GetUp! disclosed $555,000 in expenditure for 2006-07 (pdf). Their return highlights the complexity of calculating the amounts required by the legislation, with separate line items for campaign advertising, contractors and consultants, legal costs, postage and shipping, printing and stationery, research, salaries and wages, superannuation, telephone and internet, travel expenses, and website costs; some have 33% apportionments. There were many hours wasted calculating all that I expect.

GetUp! also had to disclose some of their donors. The ubiquitous multi-millionaire lefties Evan Thornley and his wife Tracey Ellery kicked in $85,000, but they were less generous than authors Susan Varga and Anne Coombs, who put in $90,000, $70,000 of which was for a David Hicks campaign. Deanne Weir – Google suggests she used to work for broadcaster AUSTAR – put in $25,000 and SJ Killelea (perhaps this guy) put in $70,000 to their Senate campaign. I’m curious to know who funds groups like GetUp!, but I don’t think these people should have to disclose their identities unless they consent.

The AEC election expenditure returns reveal no scandal except that the provision requiring it was passed in the first place.

For the Coalition, the disclosure provision will almost certainly end up being self-defeating. Sure, it did cause various leftist groups to waste time filling in forms. But most of them will have no political problem with disclosing the spending or donors; that they spend is obvious and most of the donors already have well-known political allegiances. But for potential right-wing donors facing coast-to-coast Labor governments disclosure is likely to an issue; as the very generous donations to the NSW ALP in particular indicate winning Labor’s favour is necessary to doing business there. With federal Labor threatening to slash the threshold for disclosure, even quite small donors will be caught in the law’s net.

Combined with the normal political donations data released at the same time, this AEC information confirms that the left in Australian politics can and does massively outspend the right. The Coalition’s short-sighted and misguided changes to the Electoral Act in 2006 risk making the imbalance even worse.

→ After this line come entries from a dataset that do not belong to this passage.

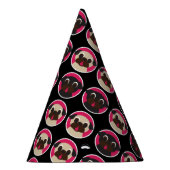 Pugs in Circles Black Birthday Party Feesthoedjes (Rechts)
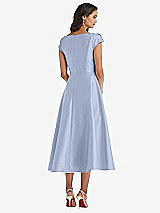 Rear View Thumbnail - Sky Blue Puff Cap Sleeve Full Skirt Satin Midi Dress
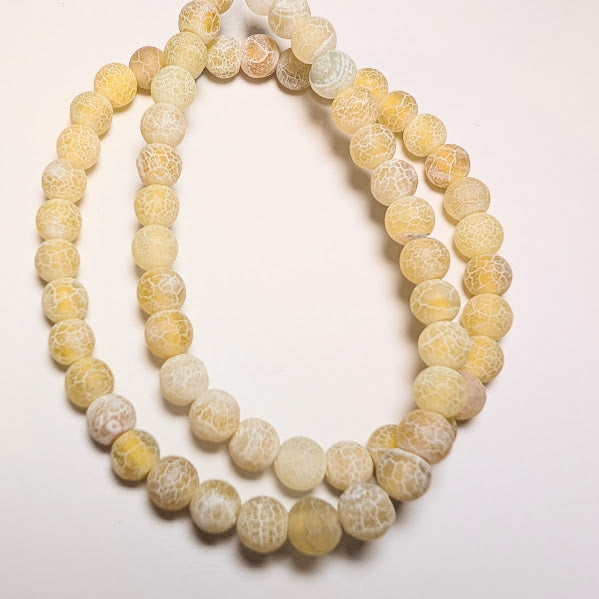 Agate Beads - 6mm Round - Matte Yellow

16 thoughts on “The Coalition’s self-defeating political expenditure laws

  1. You making it tough on law and order types. I’d like nothing better than having seditious criminals locked up. 🙂

    I see, for example, Oxfam spent heaps of money on the election. In that sense I think this is a usual exercize – charities should fully report on every dollar they spend, and the purpose of that expenditure. Given the kerfuffle over political donations and the promise to wind back that law, it’ll be interesting to see if the ALP winds back this one. I suspect they won’t – they might redefine things a bit so recalcitrant editors don’t get arrested.


  2. Sinc – I can’t see why there should be obligatory disclosure for charities. While it may be generally desirable for charities to report on their activities to their supporters, who can then be assured that their money is being spent effectively and appropriately, they should not be forced to do so. Those who fail to explain themselves will presumably lose support.

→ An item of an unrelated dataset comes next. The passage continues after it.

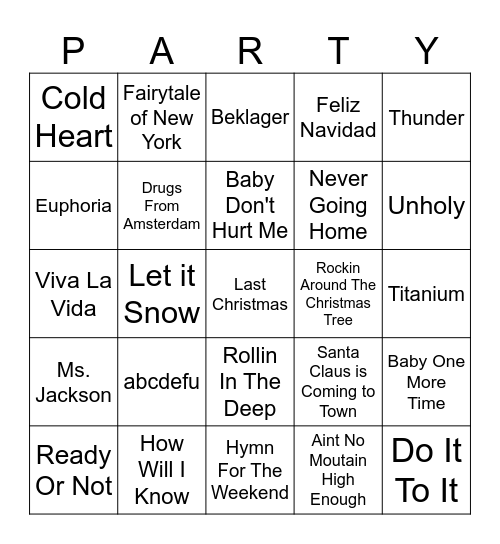 Feliz Navidad Bingo Card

  3. Charities raise money from the public Jason, and should face the same levels of accountability as do any other organisation that raises money from the public. For example, publicly listed companies.

    I know Andrew thinks this is a consequence of an old IPA project, I don’t know about that. It may well be. My views on this topic come from when I supervised a PhD student on accountability in non-profit welfare organisations. She had wanted to argue for some very draconian reporting requirements, but after consultation with her supervisor took a far more sensible tack. The project did require, however, that she collect publicly available data about charities and we discovered that many charities do not comply with their already very lax reporting requirements – further that some of the non-compliant are not small obscure organisations and that they were very obnoxious when approached and asked for information that they were legally obliged to provide to the public. At the end of the project, many years ago now, the student wanted to publish in an appendix a list of the recalcitrant organisation but in the end we decided not to.

    How did you know I like McCain 🙂 his Supreme court appointments won’t disappoint.


  4. The difficulty is that non-profits often rely heavily on volunteers, whose motivation rarely extends to wanting to fill in bureaucratic forms. More bureaucracy may be ok for the charities like Oxfam that are effectively multinational companies and have full-time professional staff at the top, but these charities are not typical. While as I said in comment 2 it may often be desirable for non-profits to report on their activity, there should be a ‘market’ decision as to how much and what kind of reporting goes on, given varying capacity to report and interest of supporters in reports.


  5. Everything you say is true, yet I have yet to hear any non-profit type say there should be a market test for either themselves or for-profits.


  6. There is a market test in the sense that nobody is obliged to give any money to a charity or other non-profit, and there are thousands of charities and non-profits competing for donors. For many smaller non-profits, donors will have first-hand knowledge of what is happening or this will be visible in other ways.


  7. The reference to McCain was deliberate yes. Your and the IPA’s argument is similar to McCain’s for campaign finance reform and just as statist. The difference is McCain doesn’t claim to be a libertarian.


  8. Yes, yes. Okay, with one honourable exception (maybe two) “I have yet to hear any non-profit type say there should be a market test for either themselves or for-profits”.

    I am sympathetic to the market test proposed in #8 (the PhD student and I even produced empirical evidence consistent with that idea), but that test is never applied to business, and many of the non-profits (again with one or two honourable exceptions) who are caught up in this web often complain about big business buying influence and the like – well, we know see that is a game almost everyone plays.


  9. “Charities raise money from the public Jason, and should face the same levels of accountability as do any other organisation that raises money from the public. For example, publicly listed companies.”

    Sinc, so your solution to the over-regulation of business is to over-regulate the not-for-profit sector? Surely the correct approach is the exact opposite of your statement above.



  10. Is subjecting charities to over-engineered disclosure laws, ie so that they must “fully report on every dollar they spend, and the purpose of that expenditure” on the table? By table I hope you don’t mean ‘on my mind’. I’m not the one making sweeping positive statements. Let’s just focus on where we can free the citizenry from government, rather than worrying about whether the rules are the same for this or that kind of organisation. Surely we agree on that.



  11. Yes, we do. I’m unconvinced, though, that requiring charities to report political expenditure is unreasonable.


  12. What about the tax status of charities?

    They are exempted from paying tax on their income because the income is directed to agreed socially desirable ends.

    SOME degree of transparency is needed to ensure the contributing stakeholders – ie volunteers, donors and government (via tax exemption) are not being ripped off.

    In the US, churches that get too involved in directing voter intentions can lose tax exempt status. Its a good idea.


  13. ChrisPer – The idea of profit is problematic in non-profits; since they can simply eliminate it by spending it all on their purposes. And it would deter charitable giving if donors thought it would be taxed.

    I think there is a case for eliminating tax deductibility of donations to charities as part of wide-ranging tax reform, but not for trying to tax non-distributed surpluses of not-for-profits (I haven’t seen any estimates on this, but I expect the total ‘surpluses’ of not-for-profits aren’t massive in the context of the overall economy, and of course would be reduced further if they were taxed.)